How can I tell you about the community who rallied around us? And it was not due to my sterling personality, because I put signs up on our door to stay away. I did not answer the phone. I had the look of death on my face that said "don’t talk to me." I ignored my children. All I could think of was getting Bob through his lacko’liver torture du jour —itching from the inside, starvation, nightmares, retching, despair.

And yet it was all about abundance. Food. Letters. Prayer shawls. Gifts from strangers. Bake sales. Secondgrade poems. A Christmas tree. A spectacular benefit dinner. Fervent intercession by dear neighbors who come from different countries with their blessed different senses of personal boundaries during illness.
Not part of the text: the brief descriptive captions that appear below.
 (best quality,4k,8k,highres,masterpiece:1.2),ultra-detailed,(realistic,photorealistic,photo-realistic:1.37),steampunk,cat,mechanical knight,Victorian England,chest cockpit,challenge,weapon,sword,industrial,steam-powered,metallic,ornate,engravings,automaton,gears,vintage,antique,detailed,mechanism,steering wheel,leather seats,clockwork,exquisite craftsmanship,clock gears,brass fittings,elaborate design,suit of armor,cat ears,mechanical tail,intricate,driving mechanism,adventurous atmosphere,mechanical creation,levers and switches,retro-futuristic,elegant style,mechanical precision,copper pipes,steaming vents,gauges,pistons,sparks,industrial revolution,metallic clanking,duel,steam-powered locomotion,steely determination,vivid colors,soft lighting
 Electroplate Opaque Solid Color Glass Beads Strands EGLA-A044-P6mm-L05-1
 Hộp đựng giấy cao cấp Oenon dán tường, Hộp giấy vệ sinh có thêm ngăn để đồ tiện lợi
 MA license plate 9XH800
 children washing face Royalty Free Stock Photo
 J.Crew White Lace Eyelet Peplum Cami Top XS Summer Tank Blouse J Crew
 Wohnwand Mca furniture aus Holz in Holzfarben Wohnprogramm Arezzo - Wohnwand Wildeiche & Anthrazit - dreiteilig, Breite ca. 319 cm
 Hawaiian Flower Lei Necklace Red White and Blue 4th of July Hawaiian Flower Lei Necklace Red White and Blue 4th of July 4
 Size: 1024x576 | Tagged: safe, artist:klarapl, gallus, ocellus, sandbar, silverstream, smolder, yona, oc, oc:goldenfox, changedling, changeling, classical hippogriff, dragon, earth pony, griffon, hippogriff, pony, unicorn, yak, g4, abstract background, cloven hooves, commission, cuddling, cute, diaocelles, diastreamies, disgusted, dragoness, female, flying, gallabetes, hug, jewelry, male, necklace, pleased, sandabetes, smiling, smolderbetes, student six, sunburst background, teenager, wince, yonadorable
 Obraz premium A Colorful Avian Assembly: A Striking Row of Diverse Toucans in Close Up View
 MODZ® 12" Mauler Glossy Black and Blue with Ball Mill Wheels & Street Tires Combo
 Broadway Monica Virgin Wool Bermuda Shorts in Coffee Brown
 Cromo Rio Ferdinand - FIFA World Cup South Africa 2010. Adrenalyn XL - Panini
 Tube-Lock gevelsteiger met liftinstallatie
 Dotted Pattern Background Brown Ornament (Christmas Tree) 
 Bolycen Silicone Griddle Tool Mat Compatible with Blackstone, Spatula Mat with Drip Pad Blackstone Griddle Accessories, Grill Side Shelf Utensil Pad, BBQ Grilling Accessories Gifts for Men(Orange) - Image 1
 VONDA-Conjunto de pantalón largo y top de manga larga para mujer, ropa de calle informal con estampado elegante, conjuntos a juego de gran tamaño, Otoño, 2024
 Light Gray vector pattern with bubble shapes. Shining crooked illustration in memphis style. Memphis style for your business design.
I wish I had every page in this magazine to tell you about the actions that people took on our behalf. People from every church that we had ever attended. Some churches that didn’t know us at all. My family. Bob’s family. The Luther Seminary community. My colleagues at Lutheran World Relief. Bob’s youth groups. Amanda and Aidan’s elementary school.

Why? We don’t know. It is beyond our understanding why people responded to Bob’s diva liver in this way. Like the grace of God, it just came to us in spite of us.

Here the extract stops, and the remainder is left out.